Around 1.5m Scots households will see their energy bills soar by up to £139 a year after the regulator hiked the price cap by the biggest increase yet.
Households that use a default energy tariff to buy their gas and electricity can expect a sharp increase in their bills from October this year after the regulator lifted its energy price cap for the winter.
The sharp 12% rise, which will impact half the population, is said to be driven by a surge of more than 50% in wholesale fuel costs over the last six months with gas prices hitting a record high as global economies recover from the COVID-19 crisis, according to Ofgem.
From October, the three in four customers on default tariff customers paying by direct debit will see an increase of £139 from £1,138 to £1,277, while the rest who are on prepayment meters will see a rise of £153 from £1,156 to £1,309.
The cap rise is also expected to trigger a rise in fixed-rate deals, which are usually cheaper than default tariffs but which have been drifting higher as the UK’s gas market has reached 16-year highs.
The energy price cap rise comes on top of a £96-a-year increase to the price cap announced six months ago, which came into effect from April.Charities had warned the price cap rise would be a “cost of living shock”.
The rise in energy bills comes as a recent survey found that three in 10 (28%) households with children at home say they have struggled to pay their bills in the past week.
Campaigners have also said the increase “comes at the worst possible time” and warned it will push an extra 488,000 households into fuel poverty, with more than four million people already estimated to be behind on their household bills.
The hike will coincide with the ending of the job support furlough scheme and the temporary £20-a-week boost to benefits.
Citizens Advice Scotland (CAS) warned consumers are facing a ‘perfect storm’ of higher bills and reduced incomes in the autumn.
CAS fair markets spokeswoman Kate Morrison said: “News of this increase points towards a perfect storm for consumers this autumn, with higher bills coinciding with an end to the furlough scheme and proposals to cut Universal Credit by £20 per week,
“Lots of people are struggling just now. 1 in 7 people are struggling on their present income according to polling for CAS. That’s before higher bills and lower incomes this autumn.
“That this increase seems to be driven by the increasing cost of fossil fuels should also focus the mind ahead of COP 26 in Glasgow this year. It’s another example of why we need to switch to low carbon heating as alongside the right actions from government it will be cheaper for us all in the long run.”
Justina Miltienyte, energy policy expert at price comparison siteUswitch.com, comments: “The price cap rise is the ultimate triple blow for homes across the country.
“Come October, energy bills will be an eye-watering £235 more than they were just one year ago, following a hike of £96 back in April.
“This should be a real wake up call to consumers that the price cap will not protect them from skyrocketing bills.
Uswitch data shows there is a £241 difference between the new price cap and the cheapest fixed deals on the market.
Ofgem said gas prices have risen to a record high in Europe “due to a recovery in global demand and tighter supplies”, which was increasing the cost of heating homes and pushing up electricity prices.
Jonathan Brearley, the chief executive of Ofgem, said: “Higher energy bills are never welcome and the timing and size of this increase will be particularly difficult for many families still struggling with the impact of the pandemic.

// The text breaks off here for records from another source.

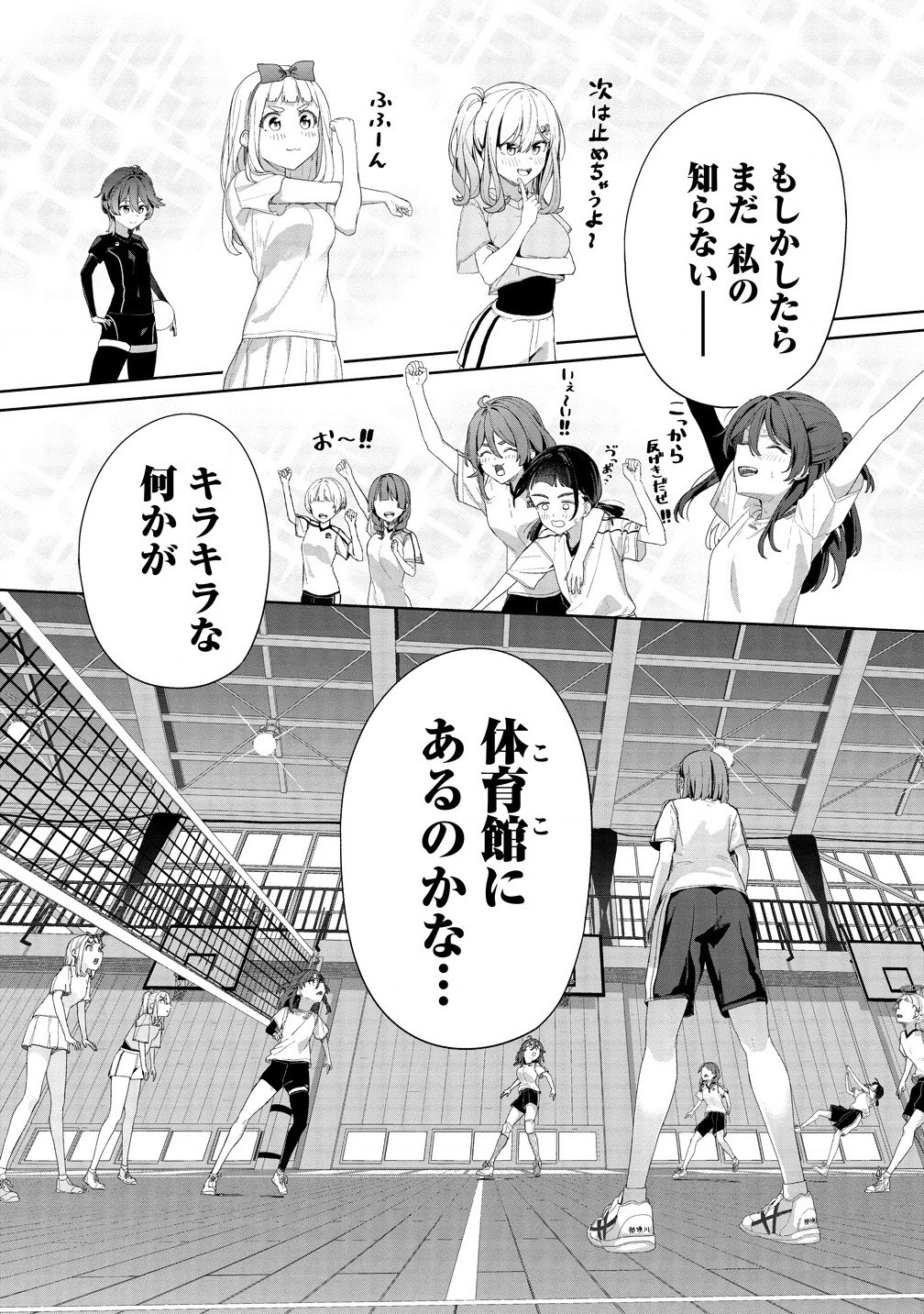 今年注目のエースちゃん 第2.2話 - Page 14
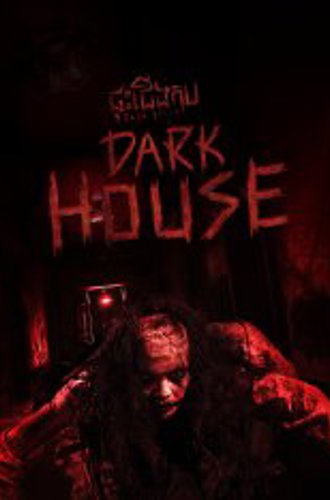 Виселица. Жертва призрака / Dark House (2023) TS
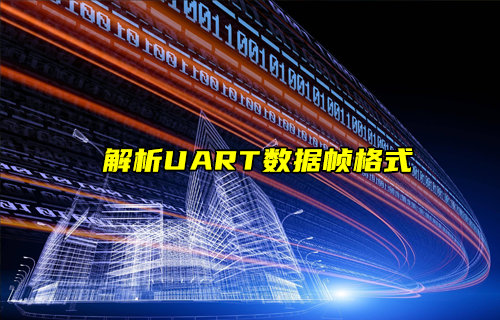【物联科普】解析UART数据帧格式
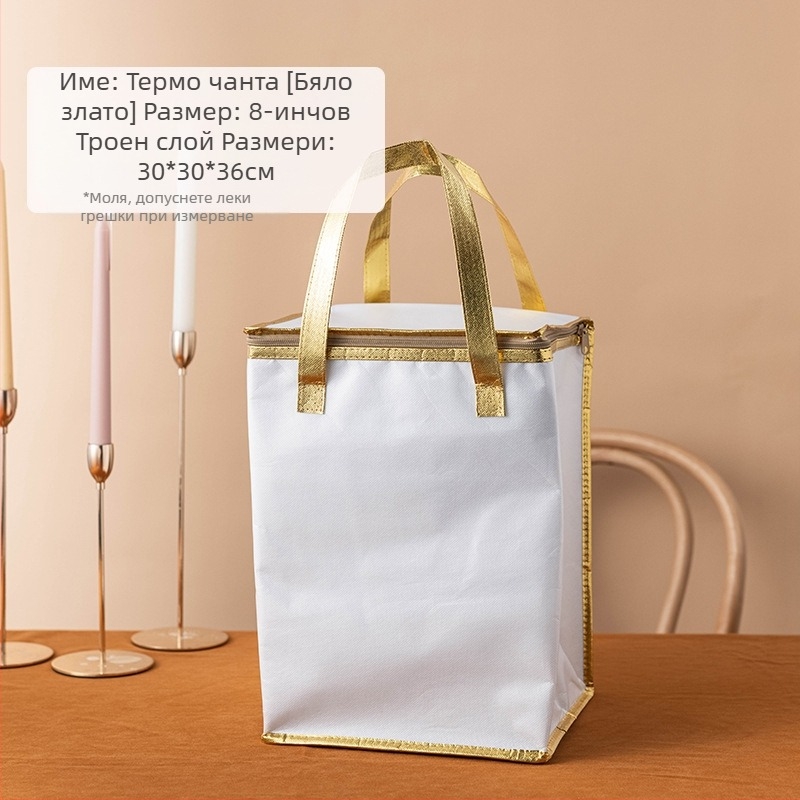 Изолационна торбичка за торта, специална хладилна торбичка за вкъщи, чанта, удебелена нетъкана торбичка за доставка от алуминиево фолио, малки и големи опаковки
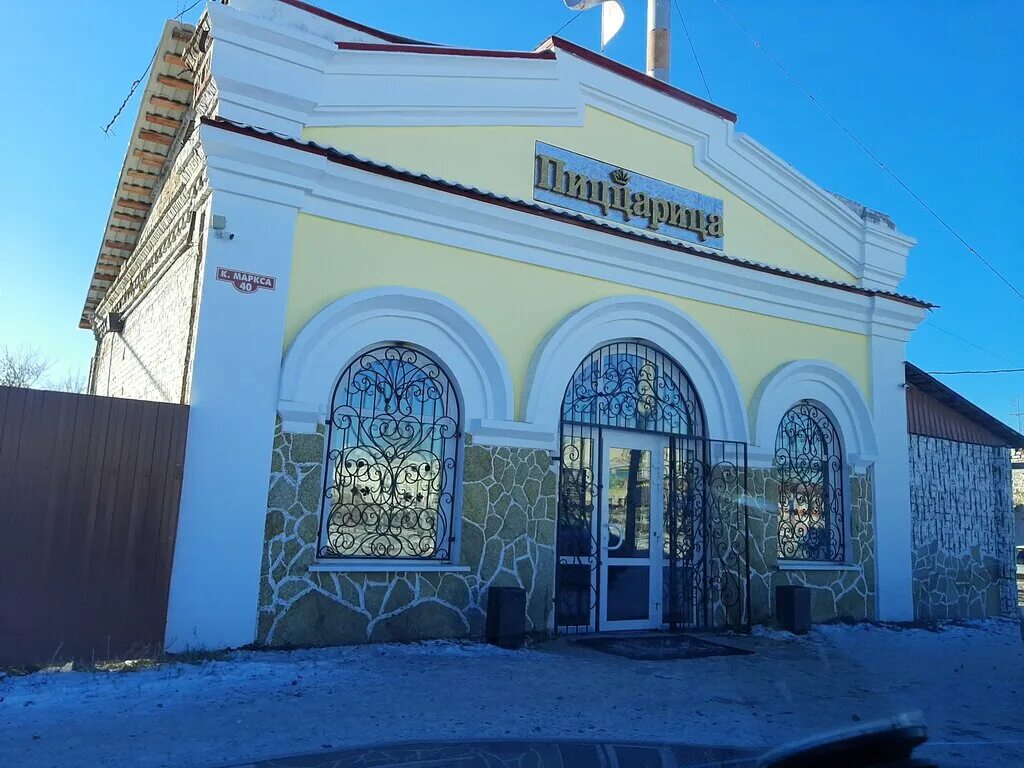 Пиццарица ул карла маркса 40а фото Пиццарица, быстрое питание, ул. Карла Маркса, 40А, Камышлов - Яндекс Карты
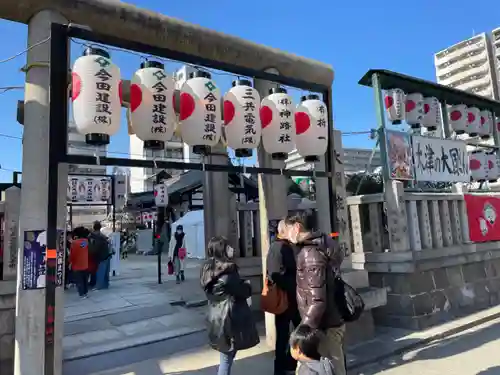 敷津松之宮　大国主神社の鳥居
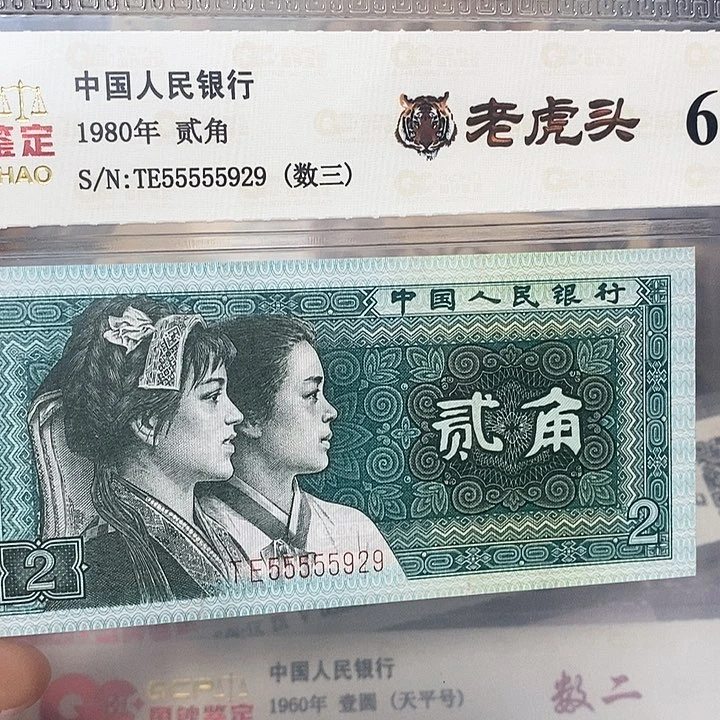 数三55555929，，，，，，，，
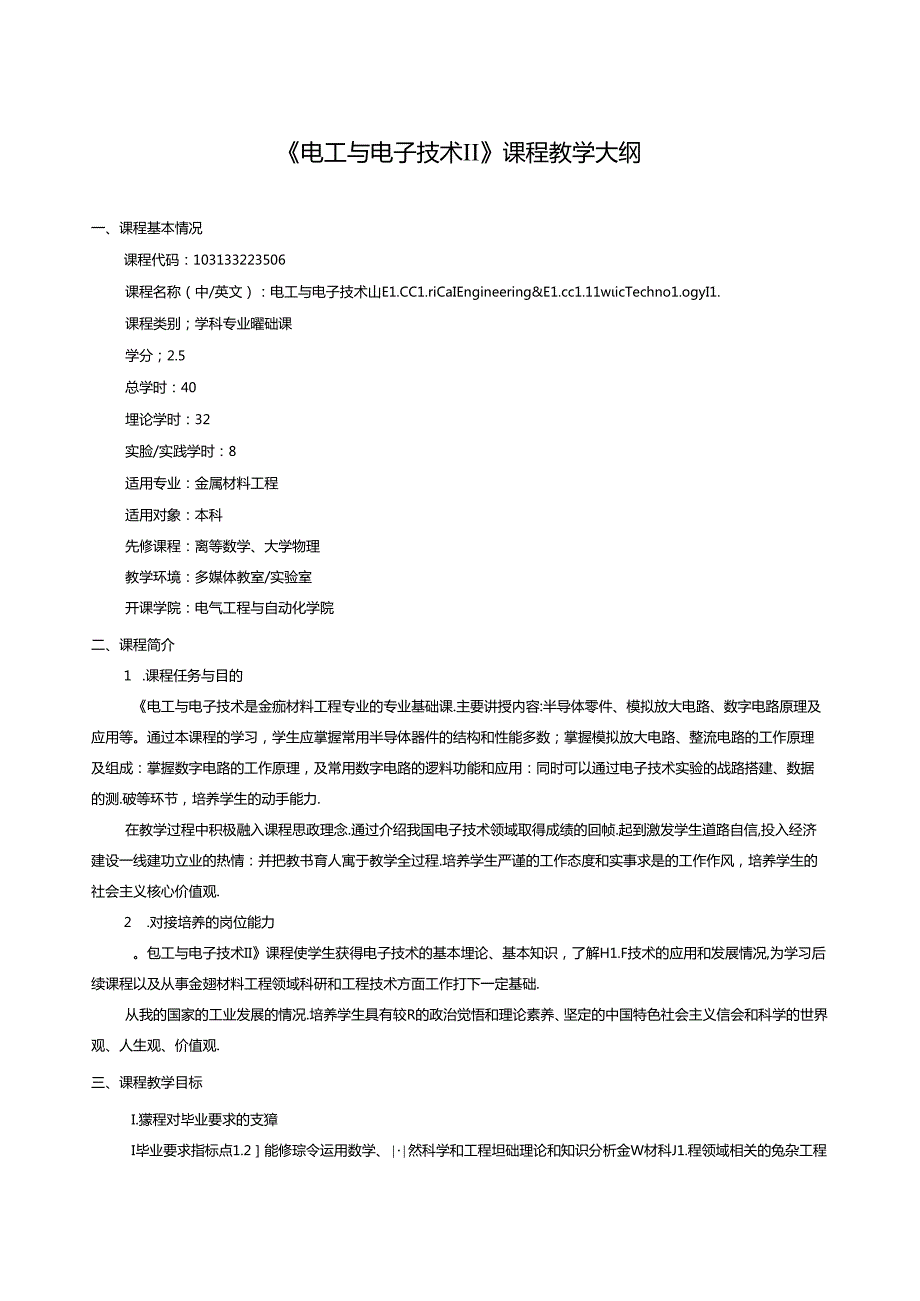 《电工与电子技术Ⅱ》课程教学大纲.docx_第1页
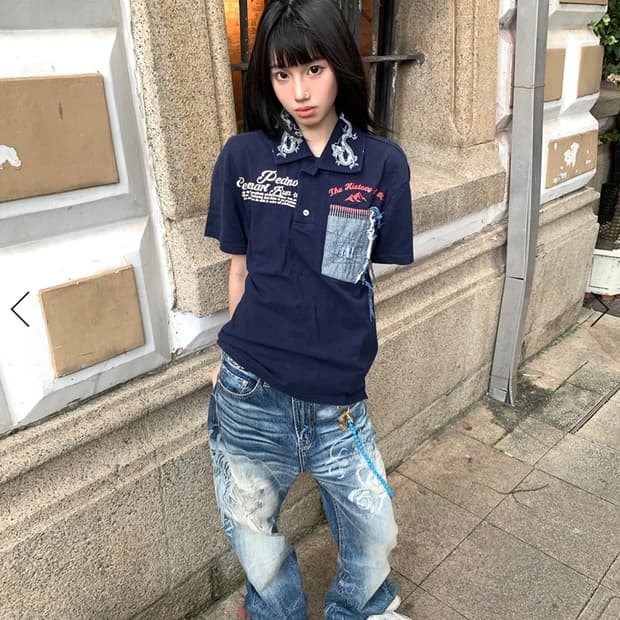 비엑세스 반팔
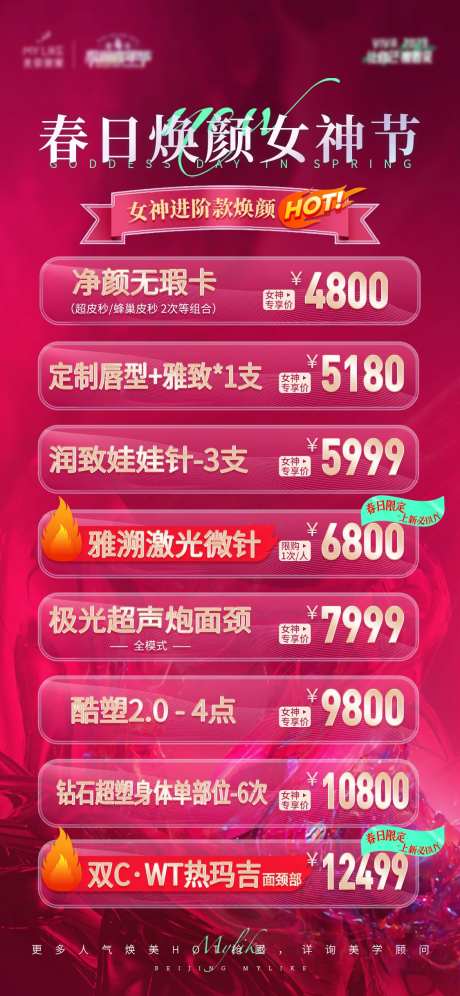 医美超值购海报-采灵感-https://www.cailinggan.com/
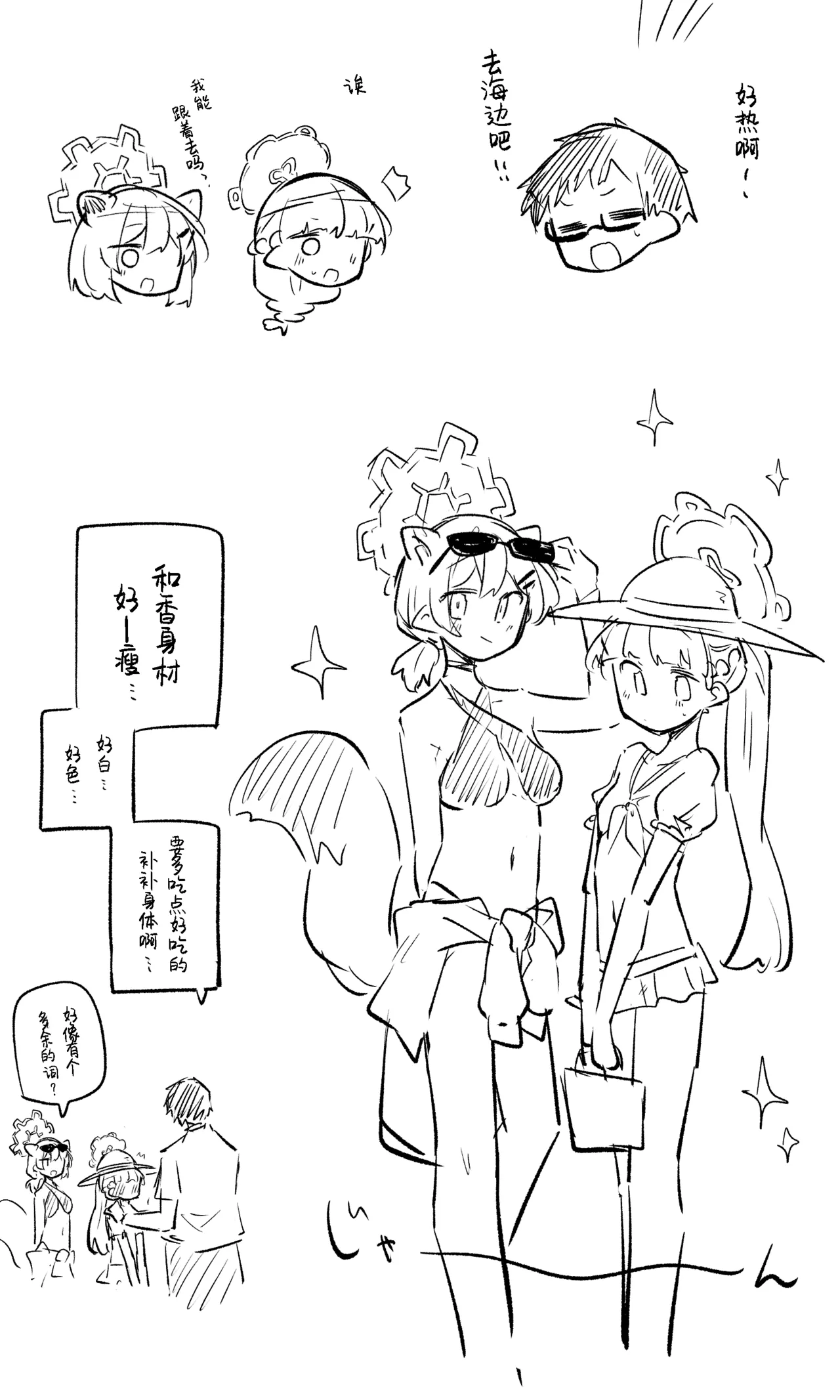 创作老师×碧蓝档案学生合集4 page 51 featuring sensei blue archive parody - halo hentai manga - read online free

“The price cap means suppliers only pass on legitimate costs of supplying energy and cannot charge more than the level of the price cap, although they can charge less. If you’re struggling to pay your bill you can get in touch with your supplier to access the help that’s available and if possible, shop around for a better deal.”
Some analysts said energy suppliers had already slashed savings available to households that switch energy supplier by £180 since the start of July 2020.
Price comparison site comparethemarket.com said that even before the cap rise that energy deals were at their highest cost for more than two years. The average price for one of the cheapest deals on the market was at £996, the highest point seen since February 2019.
Simon Francis of the End Fuel Poverty Coalition said: “This unprecedented hike in energy bills comes at the worst possible time for millions of households across the country.
“Switching advice and the price cap may provide some protection from the worst excesses of the energy market, but this will be no comfort to those now facing the stark choice between heating and eating.”
Caroline Abrahams, charity director at Age UK, said: “The level at which energy prices are capped is of enormous importance to older people, because we know they are less likely to switch providers for a better deal – especially if they are not online, which is the case for about half of the 75-plus population.
“For all those who are therefore effectively stuck on their existing tariffs, the best protection they have against unfair and unaffordable fuel bills is a robust energy price cap.
“Unfortunately, the fact that the cap is going up significantly this year will set them up for a miserable and anxious winter.”